Dunkerton won the Asia-Pacific Rally Championship in 1991 and 1992 in a Mitsubishi Galant VR-4 as a full-time factory driver for Mitsubishi Ralliart.  In Australia, he won the Australian Rally Championship in 1975, '76, '77, '79 and '83 in Datsun 1600s, 240Zs and 260Zs. Dunkerton also won the Southern Cross Rally in 1980. He won the 2005 and 2006 Targa West rallies, placing third in the 2007 event.

Personal life
Born in Fremantle, Western Australia, he was previously a councillor for the Town of Bassendean, but moved with his family to Cairns in Far North Queensland in late 2007.

Ross is married to his wife Lisa has two sons, Aaron and Flynn.

Career
Dunkerton is a regular competitor in numerous tarmac and historic gravel events in both Australia and New Zealand. He competed in the 2009 Otago Rally of New Zealand in his newly purchased MK II BDA Ford Escort rally car.
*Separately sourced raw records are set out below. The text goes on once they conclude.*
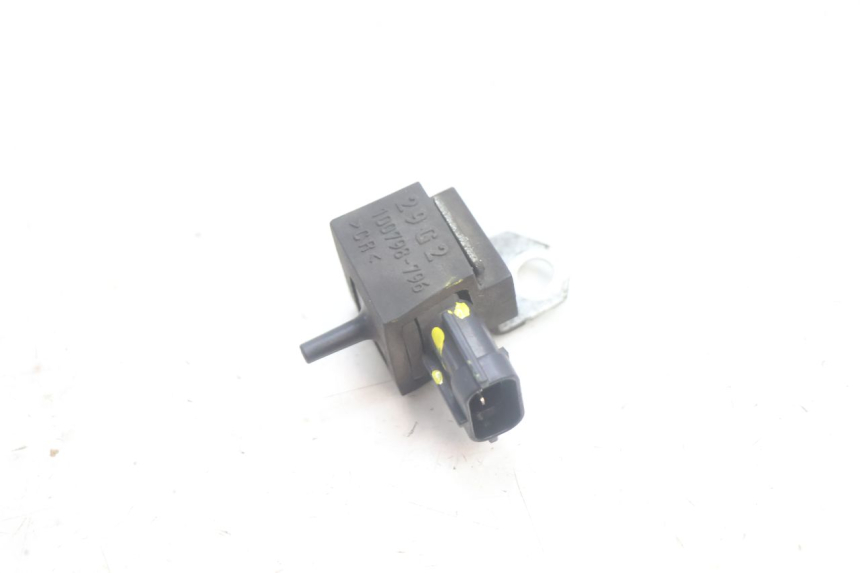 photo de SONDE PRESSION AIR SUZUKI BURGMAN EXECUTIVE ABS 650 (2006 - 2012) - Zoom état d’usage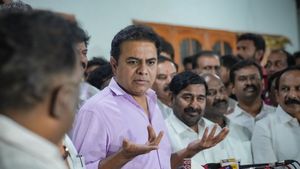 కేటీఆర్‌పై మరో కేసు నమోదు
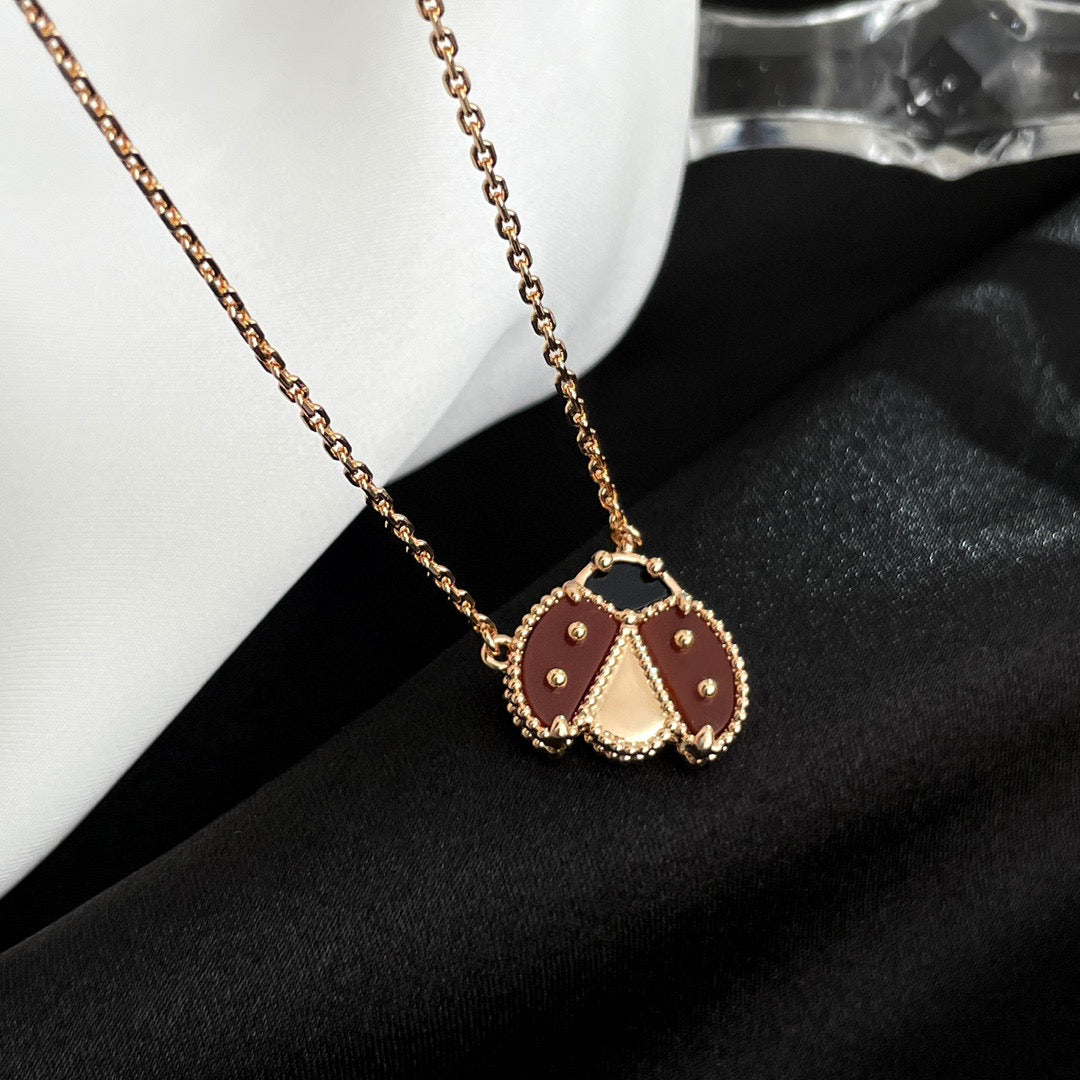 [Glow Jewelry]LUCKY  CARNELIANS LADYBUG NECKLACE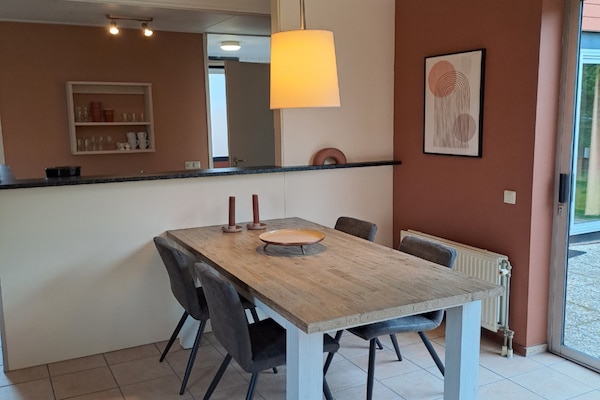 Premium bungalow – max 4 personen – nummer 107 - thumbnail 2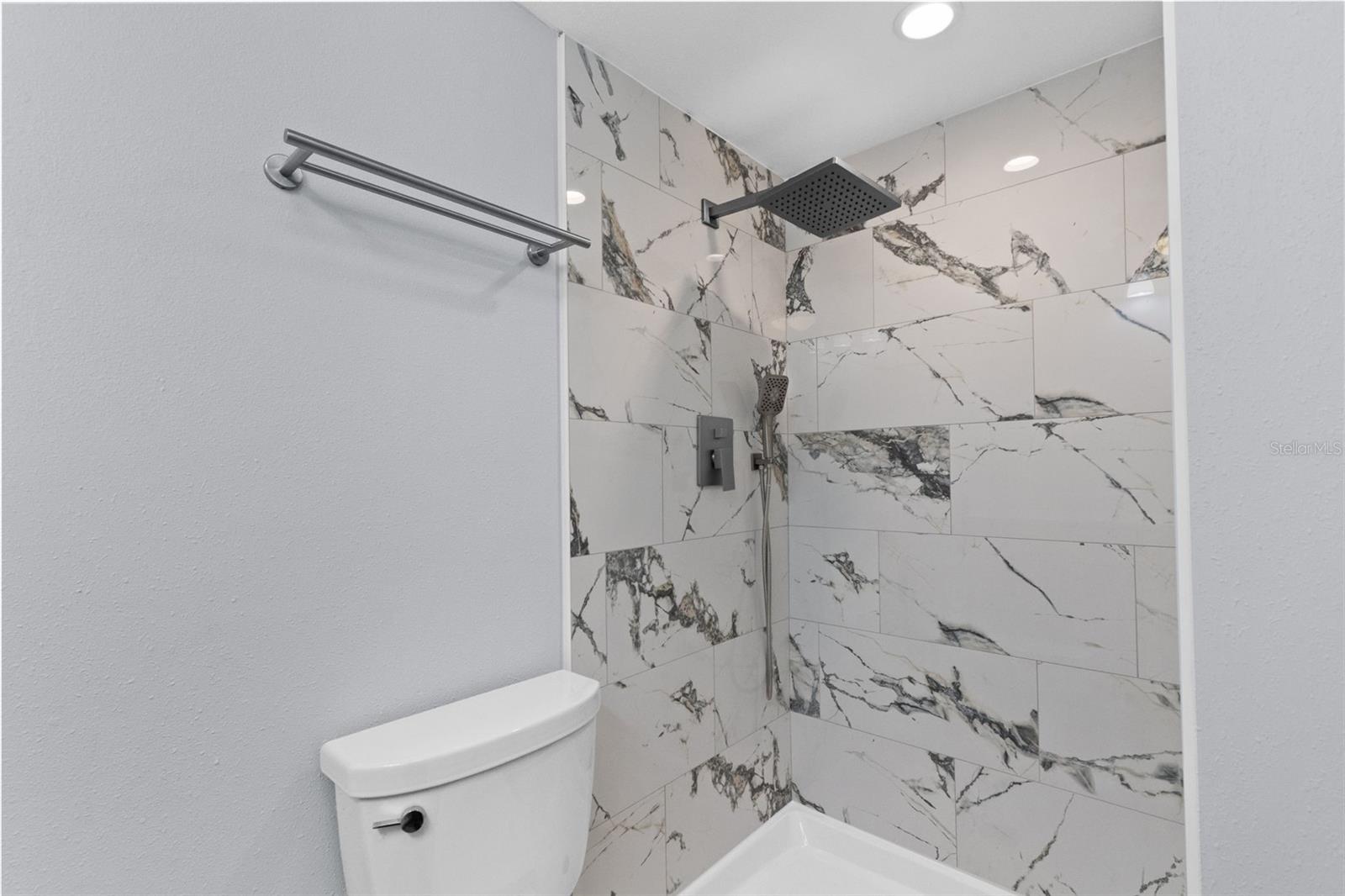 4895 Bay Unit 102, St Petersburg, FL 33703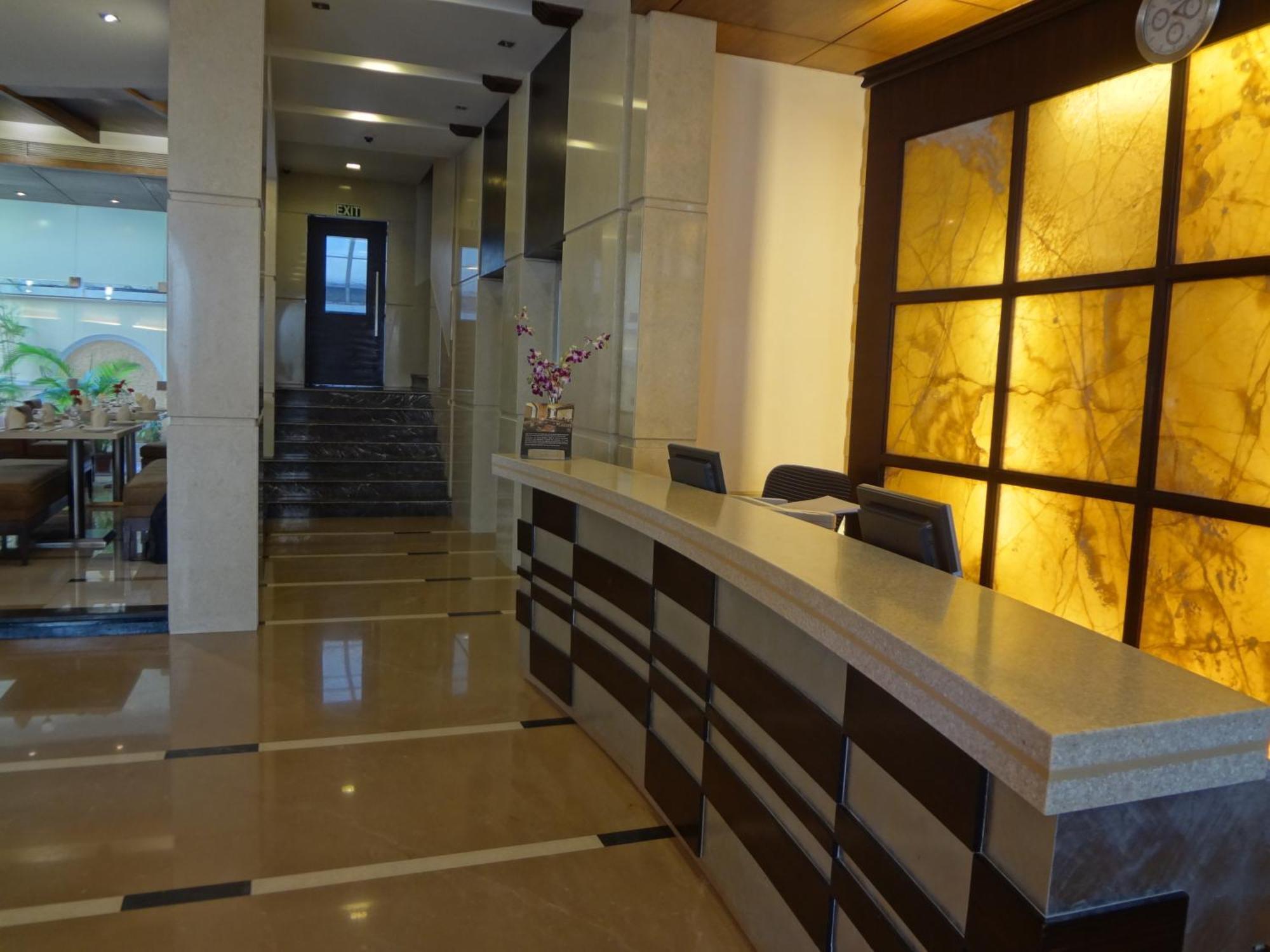 Grand Residency Hotel & Serviced Apartments Мумбай Екстериор снимка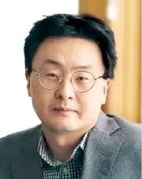 "백인 우월주의는 자멸적 세계관…反이민이 성장 저해"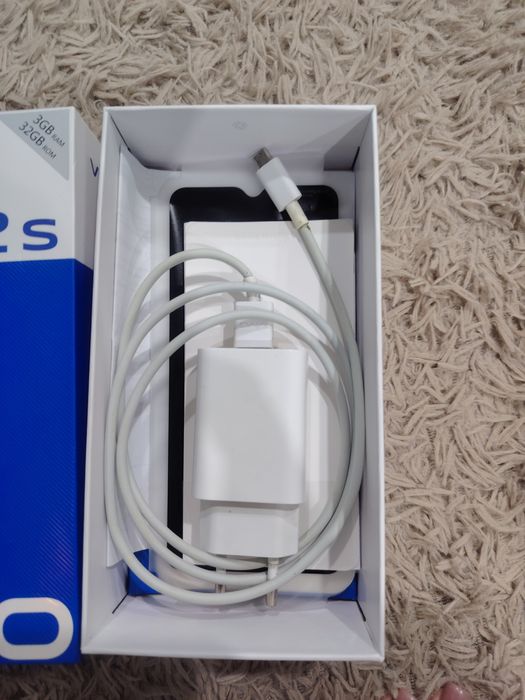 Срочно продам телефон
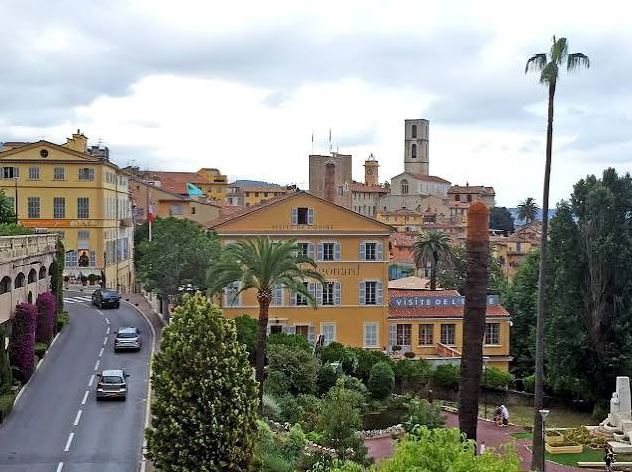 Service de coursier à Grasse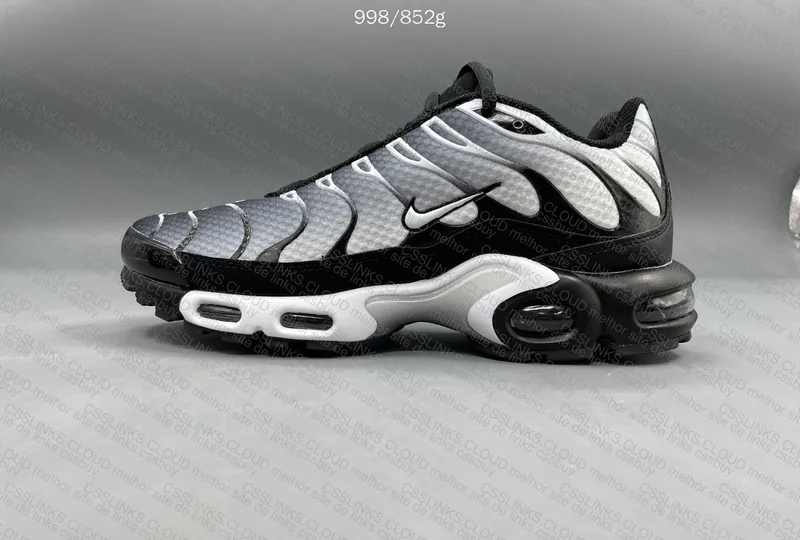 Nike TN White/Black 4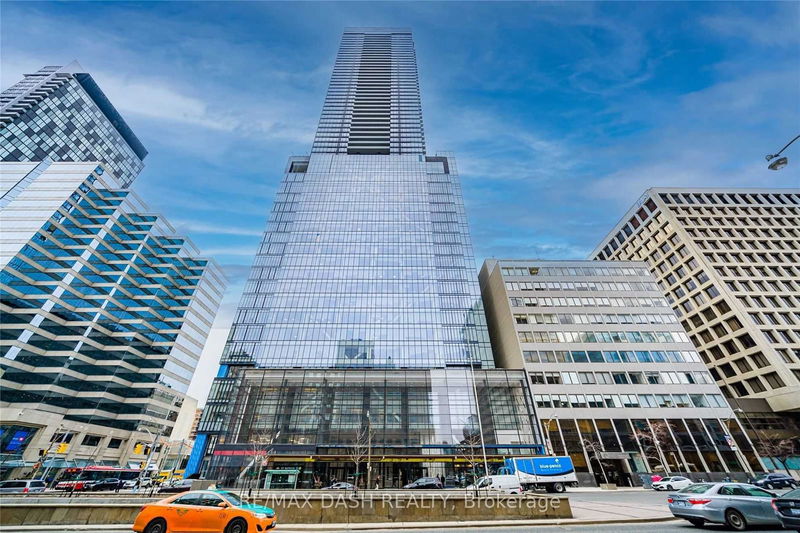 home for lease on 4007-488 University Avenue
Dunkerton is one of only two Australian drivers to have ever stood on a podium of a World Rally Championship event, the other being Chris Atkinson. In 1992, Dunkerton finished third in the Rothmans Rally of New Zealand, round 7 of the 1992 World Rally Championship.

Television presenting 
After winning almost 100 rallies in a career spanning three decades, former International Rally Driver Ross Dunkerton turned his hand to full-time television presenting in 1995.

In 1997, Dunkerton won a National Media award, testimony to the adage that he brings to television, the same determination, wit and effort that saw him enjoy so much success in his sporting career.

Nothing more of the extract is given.